So what would drive a writer to push through the risk of hurting people? “If you don’t . . . I mean, I’ve nothing against Alice Taylor, for example, but I think she dwells on the sunny side of life and that’s grand. But there’s more than the sun in life, there’s also the dark.
“Yet if you bite off too much, you’re really just presenting a mess of memories, and that’s not much use to people, because people come to writing still to have some sort of a shape. The pleasure in a good book or a good film or a good piece of music is that there’s some shape given to it, and that satisfies something in us.”
What does he believe to be the strength of memoir? “The veracity,” he says. “The feeling that this is real.”
Kenny’s writing advice
- Write every day: “You should be there every day, and work. I work 10am-2pm every day and I’ve done that for the last 45 years. I’ve done that today and I hope that I’ll do that till I die.”
- Write about something you love: “If you write a memoir about something you love, you’re not going to do it wrong. If you’re writing about people you love . . . My first book of memoir is about school friends and school, my relations in the country and so on. That was my life.”
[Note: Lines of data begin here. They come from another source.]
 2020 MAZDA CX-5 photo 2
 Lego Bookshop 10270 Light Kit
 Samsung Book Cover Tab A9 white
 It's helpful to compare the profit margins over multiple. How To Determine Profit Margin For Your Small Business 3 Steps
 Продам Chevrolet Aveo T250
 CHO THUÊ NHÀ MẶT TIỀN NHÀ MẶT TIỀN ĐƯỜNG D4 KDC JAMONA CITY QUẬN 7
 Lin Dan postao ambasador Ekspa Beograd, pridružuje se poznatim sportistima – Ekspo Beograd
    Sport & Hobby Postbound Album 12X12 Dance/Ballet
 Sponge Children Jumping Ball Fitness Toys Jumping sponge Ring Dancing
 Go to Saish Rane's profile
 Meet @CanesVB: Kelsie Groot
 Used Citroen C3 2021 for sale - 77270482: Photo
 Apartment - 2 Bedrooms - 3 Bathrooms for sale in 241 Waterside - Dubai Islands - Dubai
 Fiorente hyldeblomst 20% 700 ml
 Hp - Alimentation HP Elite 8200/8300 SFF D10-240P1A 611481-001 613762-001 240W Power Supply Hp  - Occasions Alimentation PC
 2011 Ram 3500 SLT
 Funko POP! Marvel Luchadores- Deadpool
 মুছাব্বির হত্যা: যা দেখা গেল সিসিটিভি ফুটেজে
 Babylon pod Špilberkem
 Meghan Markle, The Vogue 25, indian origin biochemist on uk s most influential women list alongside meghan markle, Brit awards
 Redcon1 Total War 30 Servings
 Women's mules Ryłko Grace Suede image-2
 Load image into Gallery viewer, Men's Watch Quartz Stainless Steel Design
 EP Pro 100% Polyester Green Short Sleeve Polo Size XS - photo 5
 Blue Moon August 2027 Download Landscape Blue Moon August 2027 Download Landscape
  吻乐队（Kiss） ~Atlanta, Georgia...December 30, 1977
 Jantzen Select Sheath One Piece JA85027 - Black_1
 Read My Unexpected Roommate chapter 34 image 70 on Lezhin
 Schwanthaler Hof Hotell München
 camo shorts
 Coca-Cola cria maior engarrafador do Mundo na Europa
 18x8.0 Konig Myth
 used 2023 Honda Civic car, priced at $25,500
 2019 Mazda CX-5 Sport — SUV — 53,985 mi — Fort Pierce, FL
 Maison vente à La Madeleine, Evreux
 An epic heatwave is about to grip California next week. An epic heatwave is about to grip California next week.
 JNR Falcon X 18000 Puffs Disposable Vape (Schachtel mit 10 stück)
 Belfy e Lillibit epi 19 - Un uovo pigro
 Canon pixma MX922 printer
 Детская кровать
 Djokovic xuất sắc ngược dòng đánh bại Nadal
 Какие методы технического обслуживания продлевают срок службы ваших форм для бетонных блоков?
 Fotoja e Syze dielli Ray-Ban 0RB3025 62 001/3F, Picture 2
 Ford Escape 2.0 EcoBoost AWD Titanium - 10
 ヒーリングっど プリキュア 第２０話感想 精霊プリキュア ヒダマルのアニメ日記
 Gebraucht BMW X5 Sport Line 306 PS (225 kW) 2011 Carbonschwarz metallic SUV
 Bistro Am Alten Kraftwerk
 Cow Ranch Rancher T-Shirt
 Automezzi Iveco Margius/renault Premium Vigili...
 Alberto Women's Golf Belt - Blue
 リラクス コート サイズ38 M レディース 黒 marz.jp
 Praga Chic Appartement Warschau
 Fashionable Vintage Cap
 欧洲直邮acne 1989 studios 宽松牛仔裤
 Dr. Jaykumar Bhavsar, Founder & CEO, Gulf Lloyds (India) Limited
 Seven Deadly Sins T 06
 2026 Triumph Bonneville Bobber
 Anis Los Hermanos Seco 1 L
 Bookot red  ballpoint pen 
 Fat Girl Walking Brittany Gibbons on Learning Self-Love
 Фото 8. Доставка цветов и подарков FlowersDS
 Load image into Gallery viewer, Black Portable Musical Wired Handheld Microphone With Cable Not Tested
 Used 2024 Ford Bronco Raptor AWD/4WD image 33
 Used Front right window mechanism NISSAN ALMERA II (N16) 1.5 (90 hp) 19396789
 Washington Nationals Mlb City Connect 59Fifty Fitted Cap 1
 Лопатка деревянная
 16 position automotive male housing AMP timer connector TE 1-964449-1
- Don’t be nice, be precise: “I wouldn’t have dreamed about being nasty about anyone in [my first memoir], but at the same time I tried to show what you were like at the time. When you’re young, you’re a barbarian in many ways, aren’t you? We spent our time killing birds and fish, and tearing things up. And then everyone having nervous breakdowns as they did in the late 60s. Just try to describe it as passionately and accurately as you can. Trying to balance niceness and precision is the thing.”